Case No. CIV-15-1250-M
Attorneys and Law Firms
Carl E. Pfanstiel, Clinton D. Russell, Kassie N. McCoy, Stratton Taylor, Toney D. Foster, Taylor Burrage Foster Mallett Downs Ramsey & Russell, Claremore, OK, for Plaintiff.
Daniel J. Card, Tom Majors, US Attorney’s Office, Colline W. Keely, Oklahoma Indian Legal Services Inc., Oklahoma City, OK, David C. Smith, Kilpatrick Townsend & Stockton LLP, Washingon, DC, for Defendants.
VICKI MILES-LaGRANGE, UNITED STATES DISTRICT JUDGE
*1 Before the Court is defendants Matthew Martin Ware, Betty Lou Ware, Benjamin Blackstar, Corey Ware, Patricia Ware, Jean Ann Carter Ware, Edmond L. Carter, Carri Gwen DuPont, Patricia Ann Carter, Marcia W. Davilla, Mayredean Mammedaty Palmer, Janice C. Mammedaty, Katina Dherie Smith Lipton, William Kendrix Ware, Wesley Ware, III, Angela Rae Ware Silverhorn, Samuel Martin Ware, Rena A. Ware (Killsfirst), and Thomas Blackstar, III’s (“Individual Defendants”) Motion to Dismiss, filed January 15, 2016. On March 7, 2016, plaintiff filed its response, and on March 14, 2016, Individual Defendants filed their reply. Also before the Court is defendant United States’ Motion to Dismiss for Lack of Jurisdiction (Rule 12(b)(1)) and Failure to Join a Necessary Party (Rule 12(b)(7) and Rule 19), filed March 7, 2016. On March 28, 2016, plaintiff filed its response, and on April 4, 2016, defendant United States filed its reply. Based upon the parties’ submissions, the Court makes its determination.
This is a condemnation action to condemn a twenty-five (25) foot wide natural gas pipeline easement through an approximate 137 acre tract of land in Caddo County, Oklahoma, which had originally been an Indian allotment to Millie Oheltoint (Emaugobah), held in trust by the United States Department of Interior, Bureau of Indian Affairs (“BIA”). Thirty-eight (38) Indians and the Kiowa Indian Tribe of Oklahoma (“Kiowa Tribe”) own undivided interests in the tract. The Kiowa Tribe obtained its approximately 1.1% undivided interest sometime after 2008, on the death of certain Indian owners and by operation of the American Indian Probate Reform Act.
On November 19, 1980, the BIA approved the grant of a .73 acre easement across the southern part of the tract in exchange for consideration of $1,925.00 for a twenty (20) year term right-of-way for plaintiff’s predecessor in interest, Producer’s Gas Company, to install, construct, operate, and maintain a natural gas transmission pipeline. The natural gas transmission pipeline has been in continuous operation since its installation in the early 1980’s. The original right of way expired in November 2000.

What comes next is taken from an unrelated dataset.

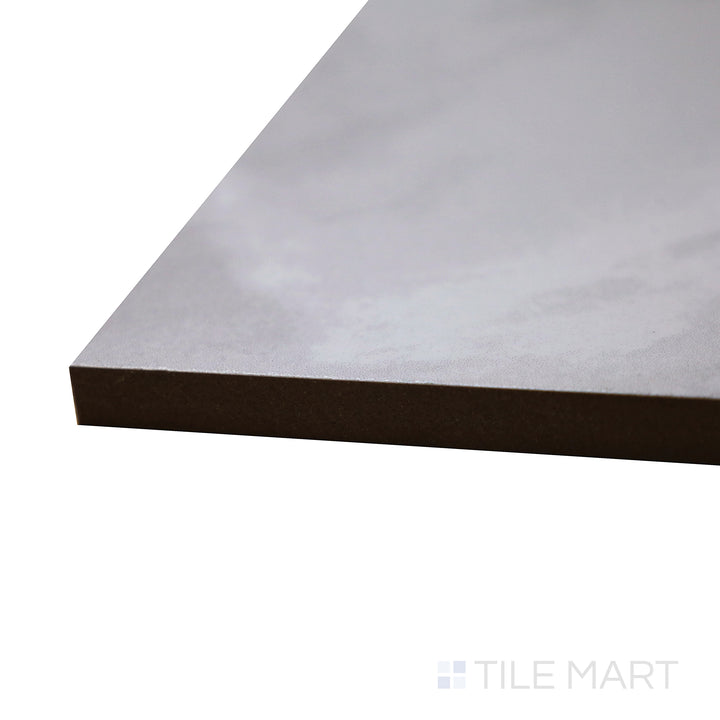 A corner shot of the Onyx White 48x48 polished porcelain tile highlights its grand format and stunning veining details, bringing a sense of luxury and spaciousness to interiors.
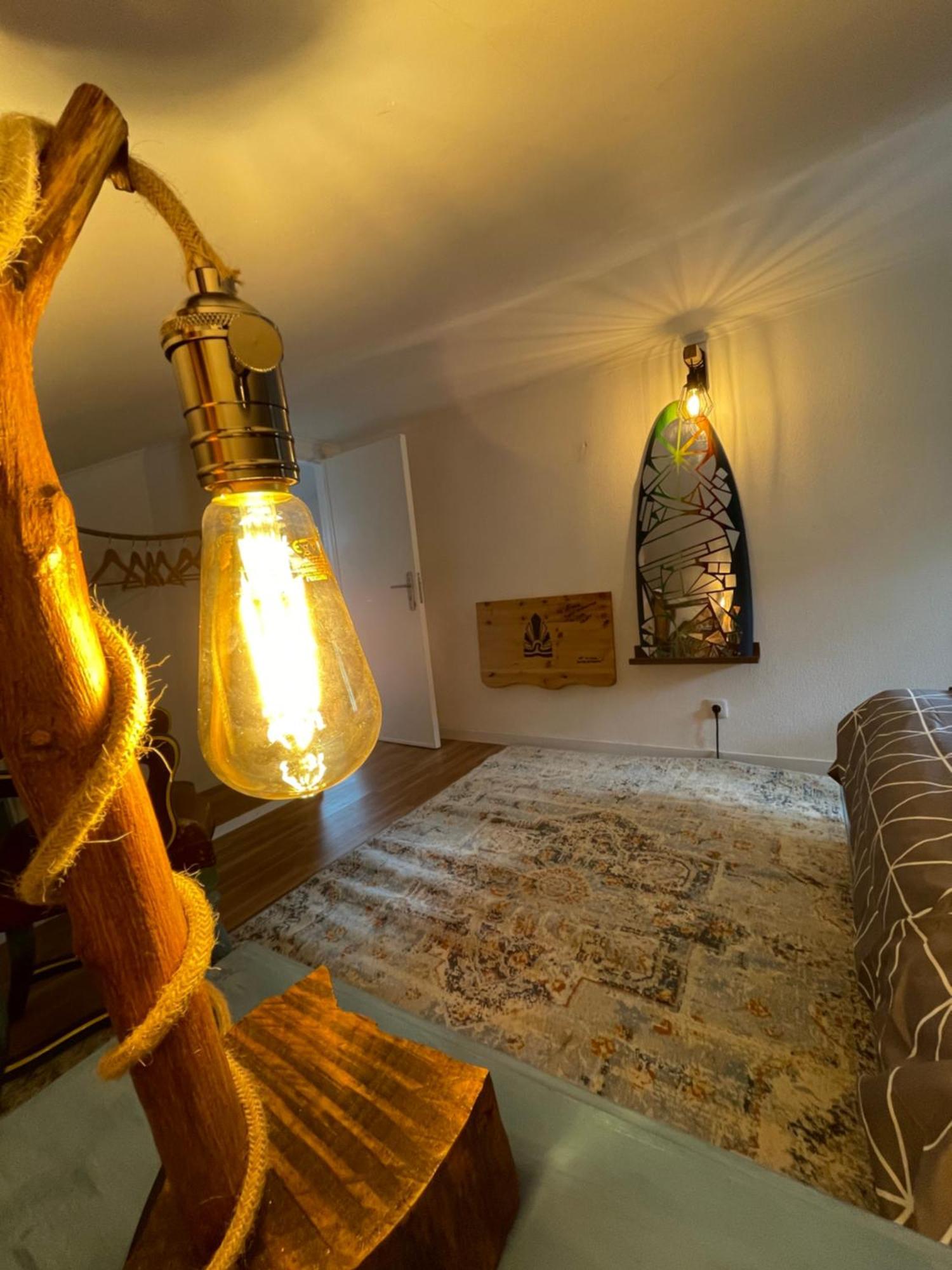 Lisbon Soul Surf Camp Hostal *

On or about June 14, 2002, plaintiff’s predecessor-in-interest, Enogex, Inc. (“Enogex”), submitted to the BIA a new application for a new 20-year term regarding the existing natural gas pipeline right-of-way. Defendant Marcia Davilla, among others, rejected Enogex’s offer on or about August 8, 2004. Despite the landowners’ rejection of Enogex’s offer, on June 23, 2008, the Acting Superintendent of the BIA’s Anadarko Agency approved Enogex’s application for the easement. On July 22, 2008, thirteen owners of the tract again rejected Enogex’s offer for an easement by consent. Twelve of those landowners separately wrote to the acting superintendent requesting that she withdraw her decision approving Enogex’s renewal request.
On March 23, 2010, the BIA vacated the acting superintendent’s decision and remanded the case for further negotiation and instructed that if approval of a right-of-way was not timely secured that Enogex should be directed to move the pipeline. A new right of way has not been granted, and plaintiff has continued to operate the natural gas pipeline.1 On November 11, 2015, plaintiff filed the instant action to condemn the easement pursuant to 25 U.S.C. § 357.
*2 Defendant United States contends that the tract at issue is tribal land and, as a result, the Court has no subject matter jurisdiction to condemn the easement. Additionally, all defendants contend that the Kiowa Tribe is a required party to this action, that the Kiowa Tribe cannot be joined in this action because it has sovereign immunity from suit, and under the factors set forth in Federal Rule of Civil Procedure 19(b), equity and good conscience mandate that this action be dismissed.
A. Subject matter jurisdiction
Plaintiff asserts that this Court has subject matter jurisdiction over this condemnation action pursuant to 25 U.S.C. § 357. Section 357 provides:
Lands allotted in severalty to Indians may be condemned for any public purpose under the laws of the State or Territory where located in the same manner as land owned in fee may be condemned, and the money awarded as damages shall be paid to the allottee.
25 U.S.C. § 357. Clearly, the Court would have subject matter jurisdiction over a condemnation action regarding lands that are allotted in severalty to Indians and, thus, would have jurisdiction in this case if the tract at issue was owned solely by Indians to whom the tract had been allotted in severalty. However, in the case at bar, the Kiowa Tribe undisputedly has a 1.1% undivided interest in the tract.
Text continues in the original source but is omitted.